The Flora, Fauna, and People of Bergman Island

Ingmar Bergman heralded in the Seventies with a superb hour-long documentary portrait of his latter-day adopted home; Fårö Document [Fårö Dokument] premiered on Swedish TV on January 1st, 1970. ("Fårö"'s pronunciation, counterintuitively for English-speakers perhaps, comes close to "Fora.") "Fårö has the same relationship to Gotland as Gotland does to Sweden," explains a man among many filmed for multiple black-and-white one-on-one interviews Bergman conducts with his townsfolk. (Gotland is a Swedish island much larger [relatively speaking] than Fårö.) This undertaking gives credence to my belief that agrarian life in general fascinates bourgeois artists, because it belongs to the "how the other half live" tip, and they're discreetly happy the subjects' lives are not their own. Well, a combination of that and an attraction to the natural and harsh beauty of the environs and respective properties. Anyway, Bergman outside his own mind is a genial enough personality who allows the Fåröfolk to open up and proclaim their (sometimes ambivalent) love for the land upon which they've grown. I'd think it almost impossible to describe the island's landscape without resorting to florid, MFA-sanctioned naturalism'y prose; the images and the testimonials (often edited employing subtle jump-cuts, which nowadays would be replaced with a method of smashing-together the seams, like fast lap-dissolves via nonlinear interpolation in Premiere or Final Cut Pro) alone speak to the hard facts of the countryside. Bergman himself has already filled in many blanks with his previous films set here. Fårö must go down in history as his own Monument Valley.

And, as with Ford, these monuments figure not just as awesome testaments to the power of erosion, but as tombstones, too.
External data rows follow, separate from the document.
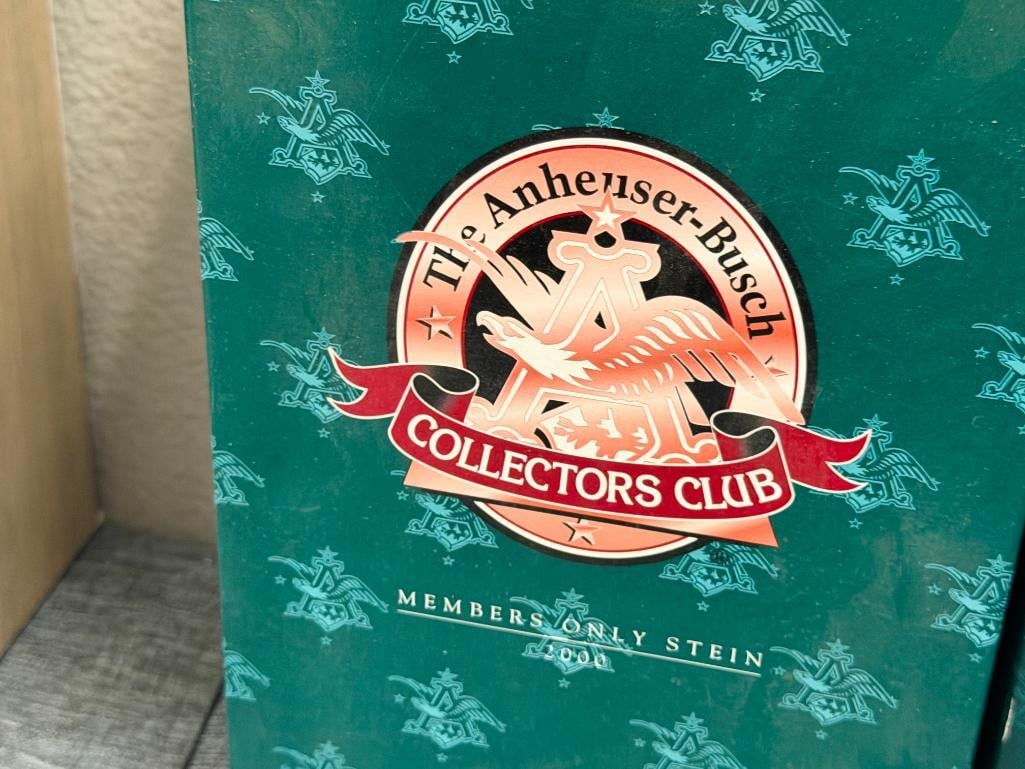 2000 AND 2001 ANHEAUSER-BUSCH / BUDWEISER COLLECTORS CLUB MEMEBERS ONLY BEER STEINS - 9
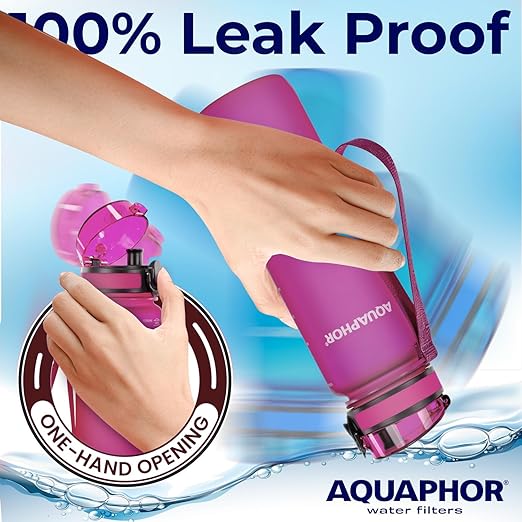 Nakii Filtered Water Bottle, Leakproof, BPA-Free, Motivational Markings, Travel, Everyday Use. 40-Gallon Filter, Replaces 300 Plastic Water Bottles. Includes 1 Filter, 22 FL Oz, Pink by Aquaphor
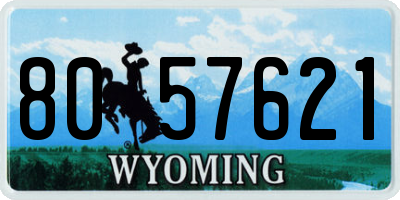 WY license plate 8057621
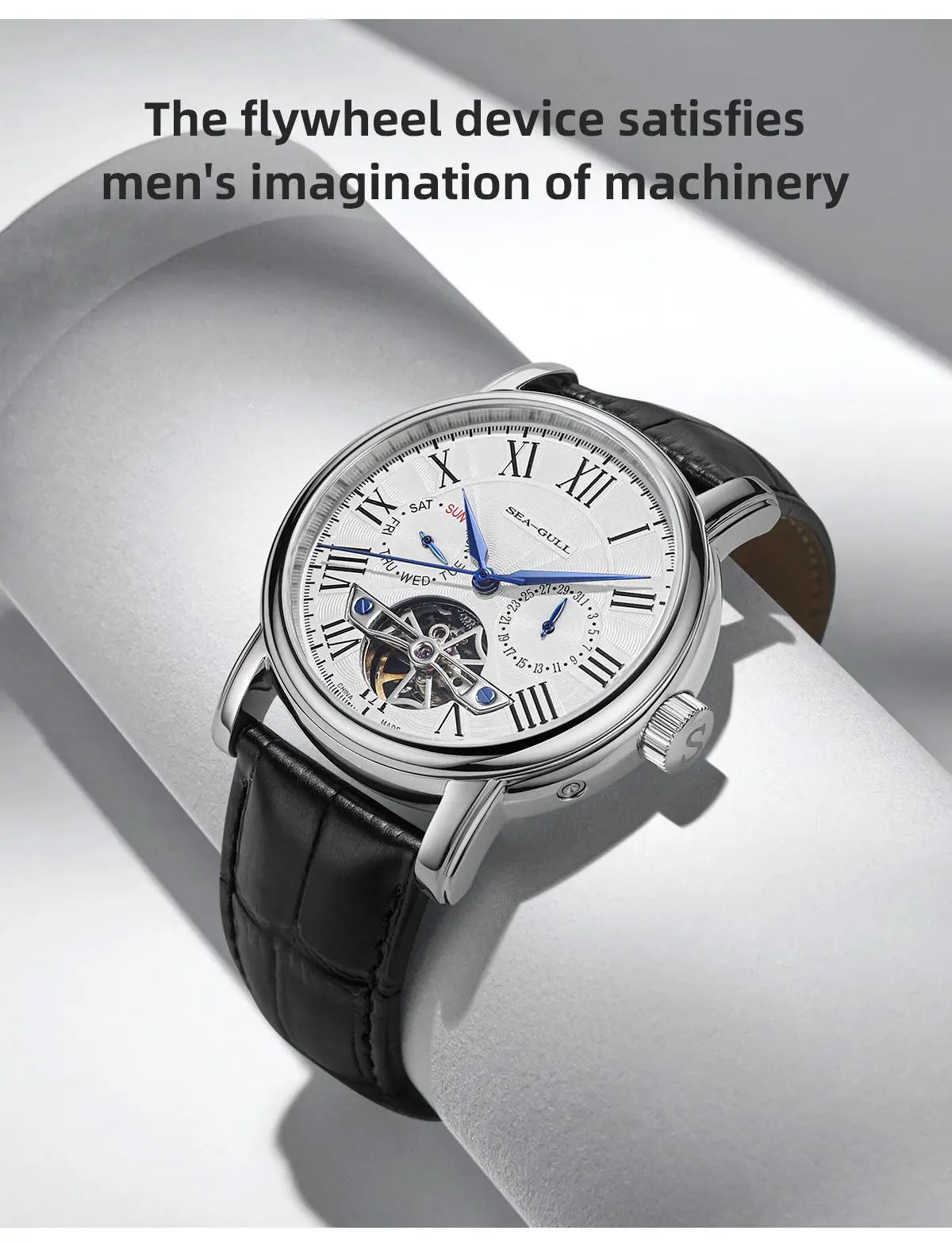 2025 New Seagull Men's Watch Automatic Mechanical Wristwatch Multi-Function Hollow Flywheel Business Simple Watch D819.622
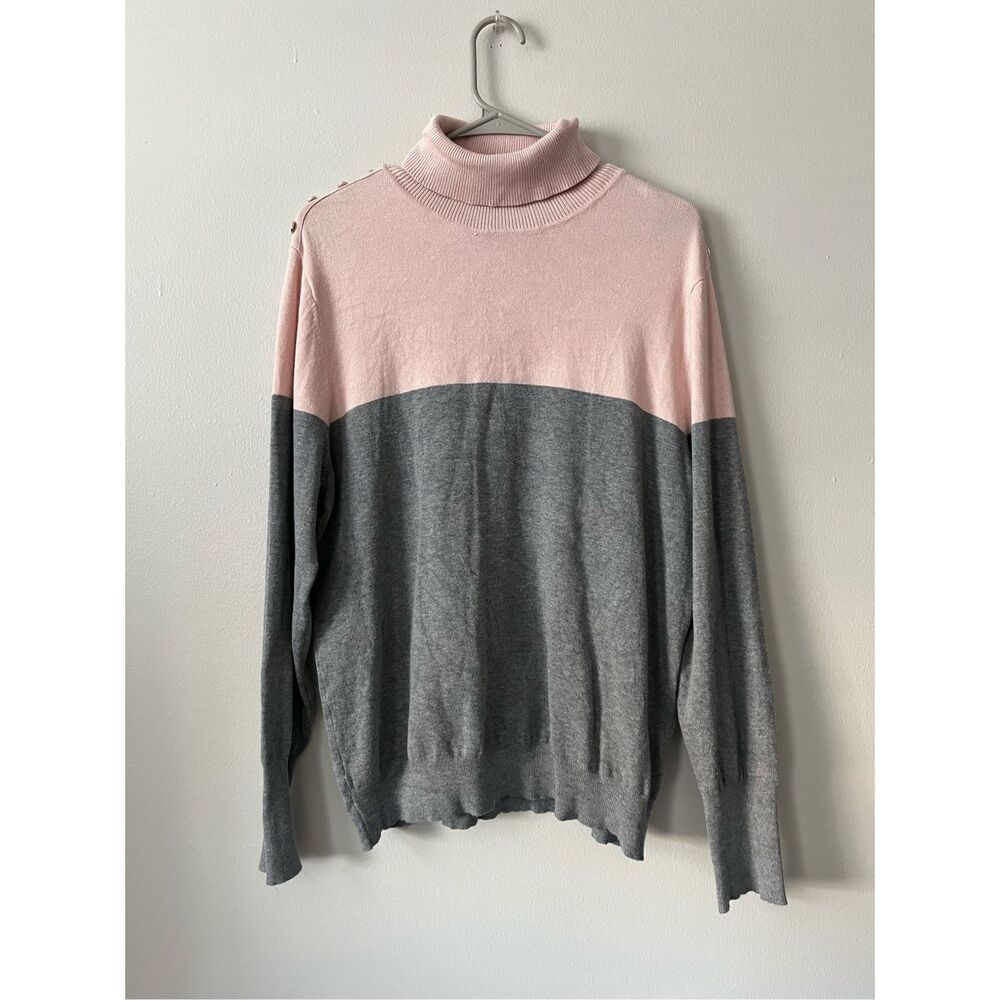 Joseph A. XL Womens High Neck Gray and Pink Long Sleeve Sweater Beaded Embroider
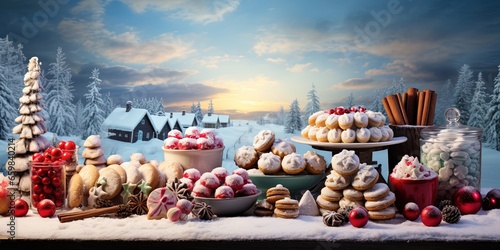 Christmas food bakery baking, xmas celebration holiday greeting card - Closeup of many christmas cookies and decoration ornaments in snow, with snowy blue landscape in the background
As in other films, the sequence of the slaughtering of the sheep, the lambs, evinces a fact of life, the reality of eating appearing itself as an abstraction, at least to the necessarily self-appointed butchers. It's part of a humane cycle, and it cannot be escaped anymore than the prerequisite of gutting a fish. Real blood on the fur, unlike in L 182 (A Passion) — bulbous sacks of fat and guts.

One resident describes the effect of the tourist population on Fårö (and mind you, to this day, the semi-christened Bergman Island is no easy reach) with as much a descriptor of their attitudes as a warning-off: "No-one will enjoy it here."

We meet a 102-year-old man who looks twenty years younger than his actual age, and an assistant vicar, a real pill, who sports a greyscale golden ring on his right middle finger. Never trust men with fitful rings. He himself belies a porcine quality, naturally...

At mention of the children losing their religion, in the discussion between Bergman and the ringed porcine vicar, Bergman cuts to color stock again to a schoolbus of children uncertain of their futures remaining on the island, as rock music plays on the soundtrack.

Bergman understands that the new generation wants color, man, and the stodgy mayor can't provide any ideas to curtail the population leakage except, like, maybe building a youth center?